That same year, 1959, saw Otto Preminger’s Anatomy of a Murder deal with rape and murder, and Joseph L. Mankiewicz’s Suddenly, Last Summer, whose plot turns on paying for homosexual encounters. Curiously, those films received their certificates of approval after demanded cuts, but it was the one that didn’t that hit the system hardest. The Production Code was dealt a hard blow in that very year by, of all things, Some Like It Hot, a saucy but hardly debauched comedy about two musicians who cross-dress to hide from the mob after witnessing a massacre. The Hays Office denied it a certificate of approval and crowds turned out in massive numbers anyway. Come on! Tony Curtis, Jack Lemmon, and Marilyn Monroe? Morality, shmorality. The death knell finally came in 1966 with Michelangelo Antonioni’s Blow-Up, which dealt frankly with sexual matters and featured an extended scene of Vanessa Redgrave topless. It, too, found a large and ready audience. That it also featured youth culture and Carnaby Street fashion and the Yardbirds didn’t hurt, unless you were the morality police. In any case, by the time my students got to me in 1986 or so, all that censorship noise was ancient history, and they had no idea how to decode old movies.
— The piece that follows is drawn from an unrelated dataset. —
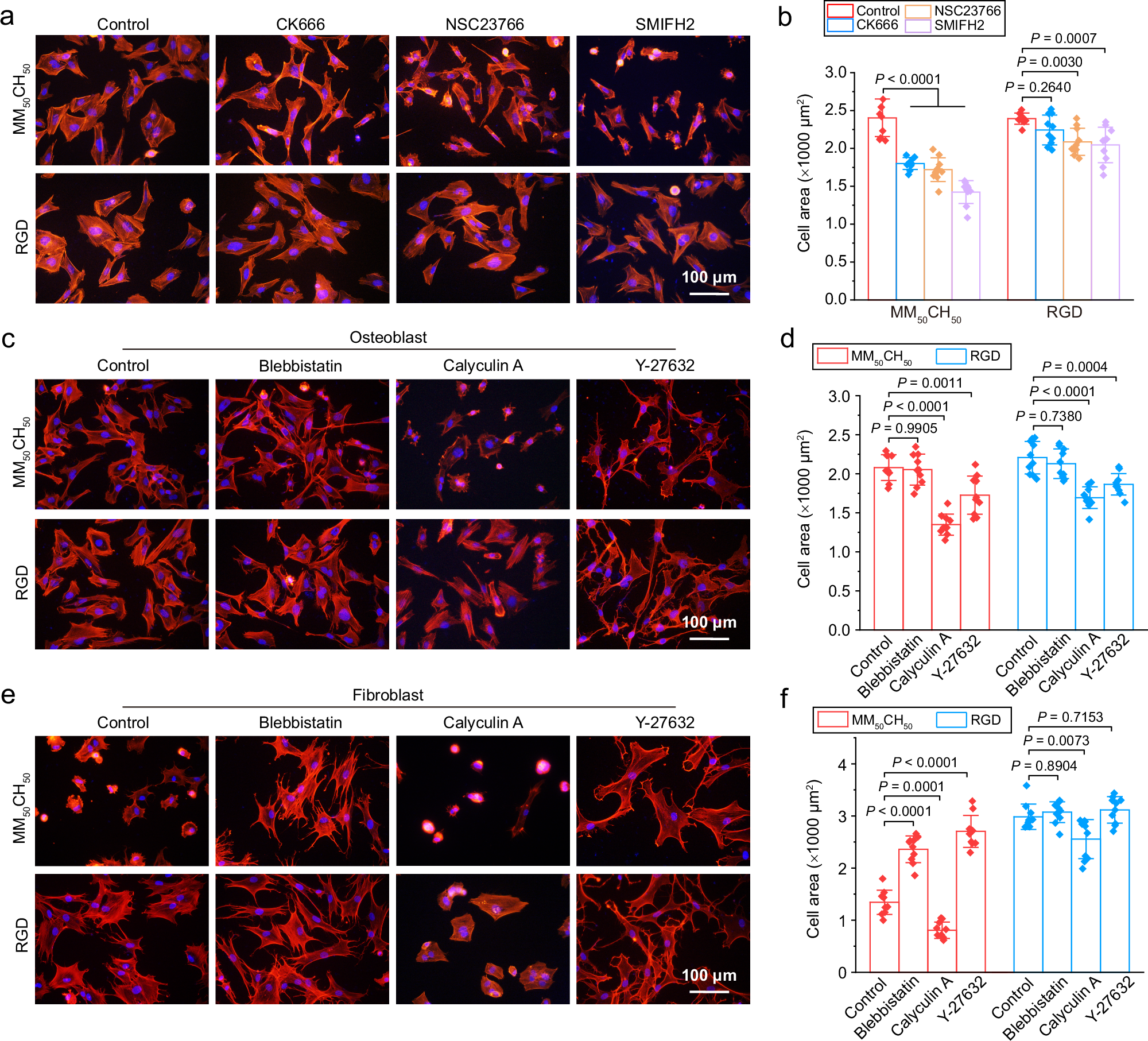 Fig. 5: Cell adhesion behavior analysis on human primary osteoblasts and human primary fibroblasts using small-molecule inhibitors.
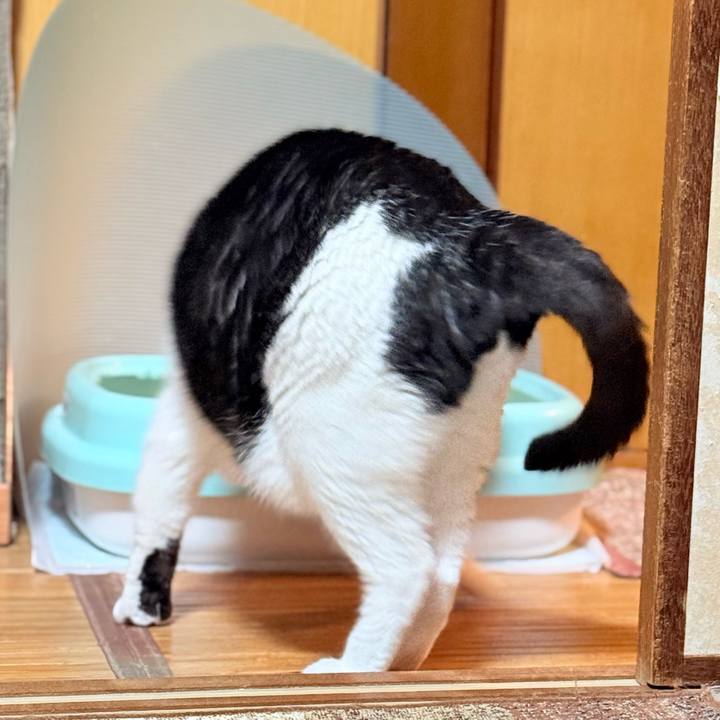 8274b447 402d 4252 a5d5 e1d4a8680a36 1731893247812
It needs to be said that not all figuration was about sex and gender topics. Film uses metaphor and symbol and all the rest about as much as any other literary art. Rain, for instance, often tells us something more than that it is wet outside. That poster of George Valentin that has found its way into the gutter in The Artist, for instance, would carry a different meaning were it not lying in a puddle with rain falling. The desolation is greater as filmed. Group dining scenes in My Dinner with Andre or Babette’s Feast or The Dead carry the same implication of communion either observed or violated that they do in literary works; indeed, John Huston’s film exquisitely captures James Joyce’s original meaning in that last example. And how do movies achieve figurative meaning? By and large, much the same way as other artistic media. We begin with images, actions, conditions. A poster on the street in the rain. A group of old friends and acquaintances around a dining table. From there, it’s largely a matter of what viewers make of the images presented—and how the director and cinematographer present them. Does the camera linger on the image? Zoom in to the exclusion of all else? Touch passingly? How does the lighting affect the image? The music behind it? Some elements are common to novels and poems and plays, but others are specific to cinema; you can duplicate them nowhere else.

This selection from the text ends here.